__ASSIGNMENT__. Begin at the line below that has "아파트 In Near The Marina". Stop after the line that has "27 Halfway Drive, Ormeau QLD 4208", repeating each line exactly and leaving out the pictures.

__THE RECORDS__.
++++

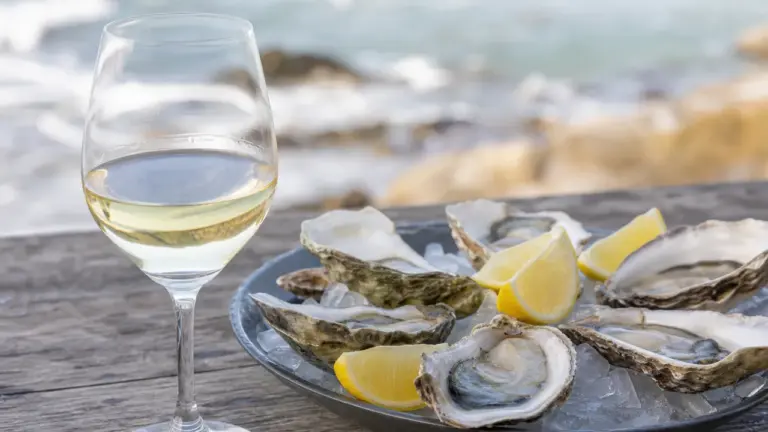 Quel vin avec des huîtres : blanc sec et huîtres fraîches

++++

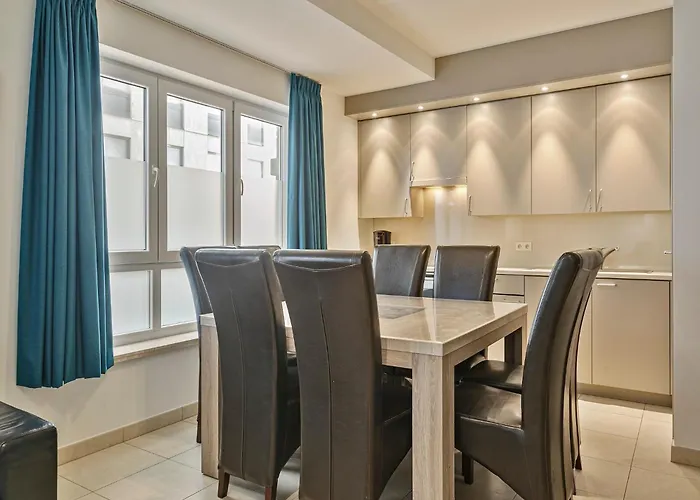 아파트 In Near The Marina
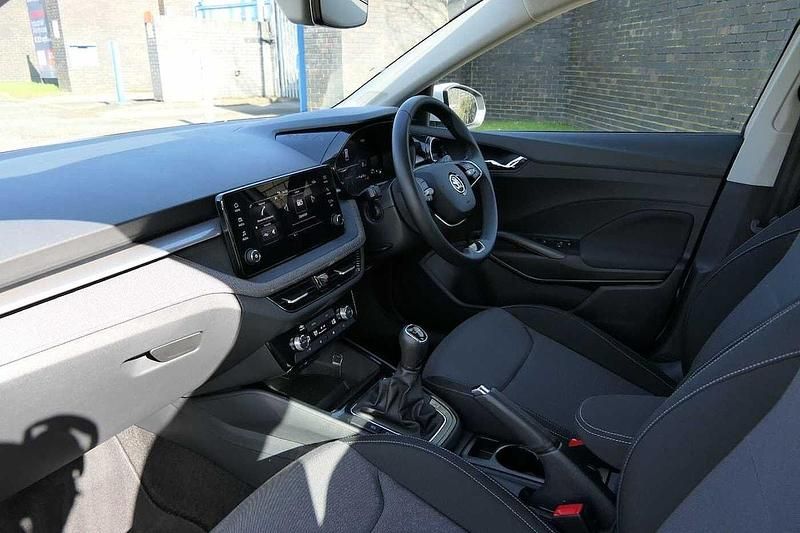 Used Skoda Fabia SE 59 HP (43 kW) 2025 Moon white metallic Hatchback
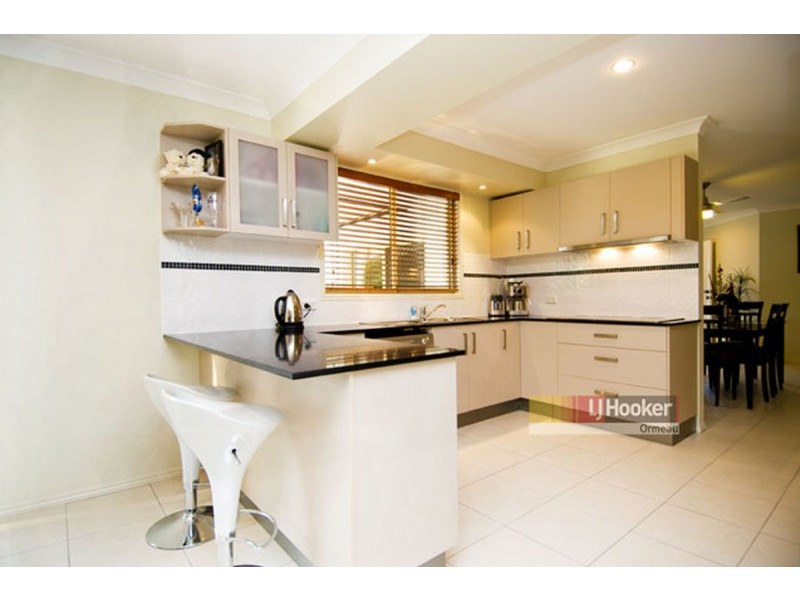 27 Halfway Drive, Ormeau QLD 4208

++++

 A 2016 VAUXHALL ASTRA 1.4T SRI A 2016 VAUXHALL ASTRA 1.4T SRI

++++

__OUTPUT__.
 아파트 In Near The Marina
 Used Skoda Fabia SE 59 HP (43 kW) 2025 Moon white metallic Hatchback
 27 Halfway Drive, Ormeau QLD 4208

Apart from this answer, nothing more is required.